Just two weeks ago McDain’s Restaurant and Golf Center in Monroeville, Pennsylvania, implemented a new rule that bans children under the age of six.
According to owner Mike Vuick, there’s “nothing wrong with babies, but the fact is you can’t control their volume.”
One occurrence is not a trend, but there seems to be evidence of a growing impatience or downright irritation with young children these days. Or at the very least, there appears to be an unwillingness to recognize a distinction between children who are well behaved and kids who wreak havoc in public places.

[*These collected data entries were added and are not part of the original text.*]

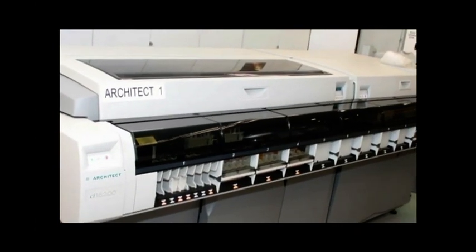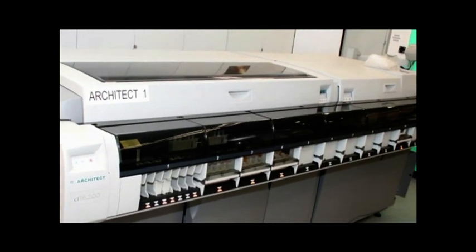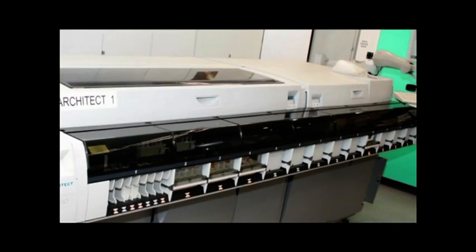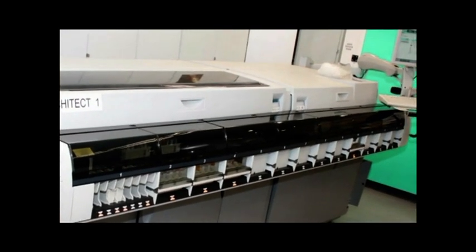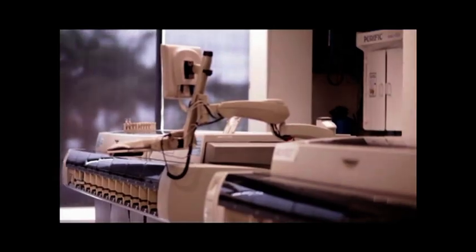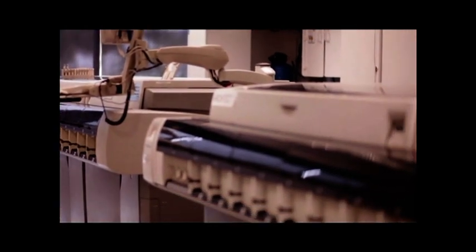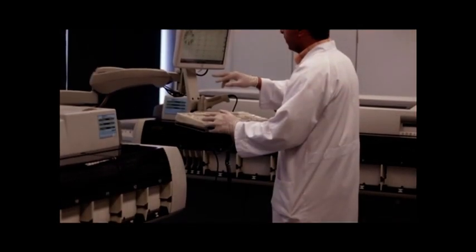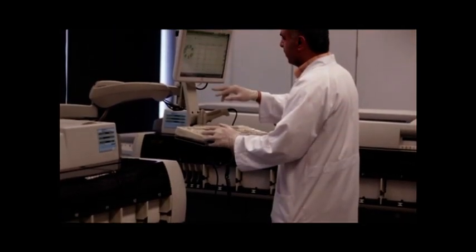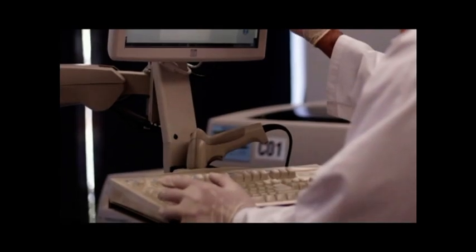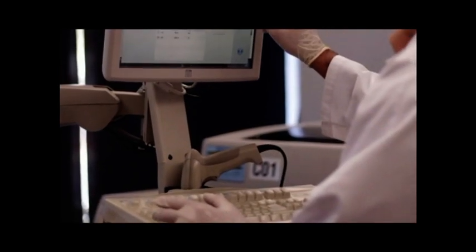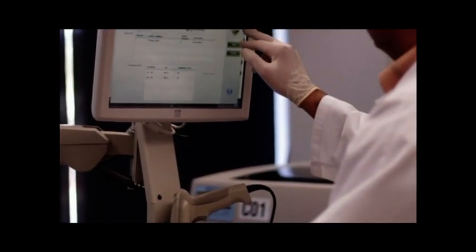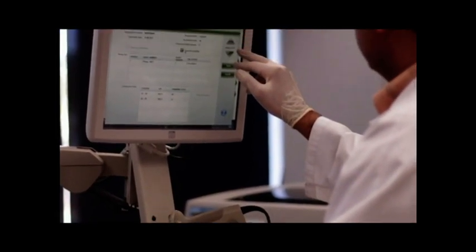The architect C16000 is used in the Biochemistry department. It is capable of performing 1800 clinical tests per hour. Robotic sample handler technology eliminates bottlenecks and prioritizes urgent requests.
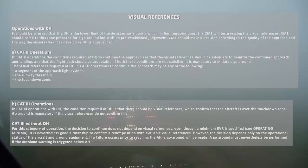A go-around is mandatory if the visual references do not confirm this. For CAT 3 without Decision Height, the decision to continue does not depend on visual references, even though a minimum RVR is specified. It is nevertheless good airmanship to confirm aircraft position with available visual references.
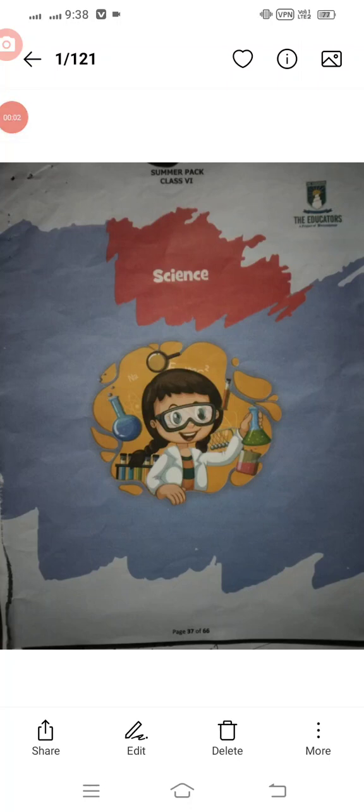Assalamu alaikum students, it's me Maryam Rashid. How are you all? Hope you all are doing well and enjoying your vacations. The purpose of this video is to provide guidelines about the summer pack of science.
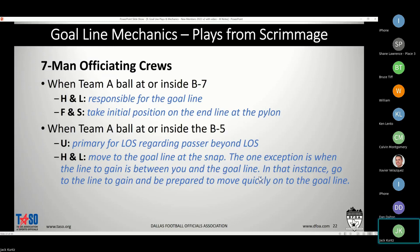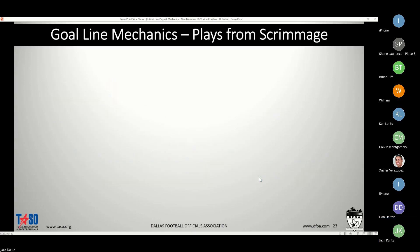We move to the goal line at the snap, but if the line to gain is between the line of scrimmage and the goal line, it's recommended that you pause at that line to gain first — prioritize your lines. If you're snapping at the five and the line to gain is at the three, you would slide and pause to make sure it's not threatened. Once it's clear, then move on to the goal line. If you go straight to the goal line there's a good chance there'll be a tight play at the line to gain and you'll be out of position for a first down ruling. Pause at the line to gain if it's not threatened, then get to the goal line.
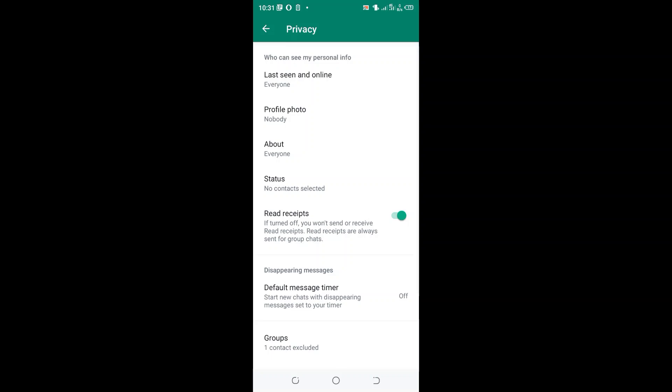Then you will see who can see my personal information option and click last seen and online option.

In Missouri, Whole Foods announced “child-free shopping hours.” Earlier this summer, Malaysia Airlines announced a ban on babies in their first-class cabins. Other airlines are expected to follow suit. And some movie theaters have even started offering “adult-only” viewings of films that would otherwise be of interest to an entire family.
Is this simply a matter of business, of catering to public demand – or does it point to something more unfortunate in our culture?
When Trent and Troy were young, Jean and I did our best with them while eating out or flying on airplanes. But children are unpredictable and you can’t guarantee compliance or smooth sailing. Even now, when I see parents struggling with their children, I tend to feel compassion, not condemnation. That’s because anybody who has been a parent knows full well the challenges of a public meltdown.
Perhaps that’s part, if not the whole, of the problem.
With the decreasing birthrate and more couples choosing to remain childless, is this trend inevitable?
Perspective is a powerful and poignant thing. I recently read of an incident that is said to have occurred out on the west coast during the California Gold Rush. With so many men and so few women in that culture, children became a rarity. But one night a woman with a baby decided to attend the theater and just as the orchestra began to play, her child started to cry.
“Stop those fiddles and let the baby cry,” hollered a man from the pit. “I haven’t heard such a sound in ten years!”
According to the story, the audience roared its approval.
Here at Focus on the Family, we embrace Psalm 127:3, that “Children are a blessing from the Lord.”
But turning back to the current debate that is swirling, I would welcome your thoughts on this apparent trend toward childless venues.
What do you think? Is there a time and place for this? Or is this a sign of a growing intolerance toward children?